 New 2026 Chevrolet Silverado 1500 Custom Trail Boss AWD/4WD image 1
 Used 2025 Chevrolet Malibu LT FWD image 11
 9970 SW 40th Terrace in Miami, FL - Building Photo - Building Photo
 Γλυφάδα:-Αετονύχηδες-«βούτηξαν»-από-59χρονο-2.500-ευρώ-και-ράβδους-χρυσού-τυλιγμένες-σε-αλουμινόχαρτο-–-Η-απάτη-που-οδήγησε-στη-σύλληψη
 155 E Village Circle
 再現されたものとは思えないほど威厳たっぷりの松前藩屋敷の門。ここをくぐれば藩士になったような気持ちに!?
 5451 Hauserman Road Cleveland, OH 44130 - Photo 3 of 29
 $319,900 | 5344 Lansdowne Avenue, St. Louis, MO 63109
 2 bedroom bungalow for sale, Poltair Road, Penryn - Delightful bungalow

_Instructions for the task_.
Where the line containing "5451 Hauserman Road" appears in the records above, begin there and print every line through the last, exactly and with nothing else.

_Output of the task_.
 5451 Hauserman Road Cleveland, OH 44130 - Photo 3 of 29
 $319,900 | 5344 Lansdowne Avenue, St. Louis, MO 63109
 2 bedroom bungalow for sale, Poltair Road, Penryn - Delightful bungalow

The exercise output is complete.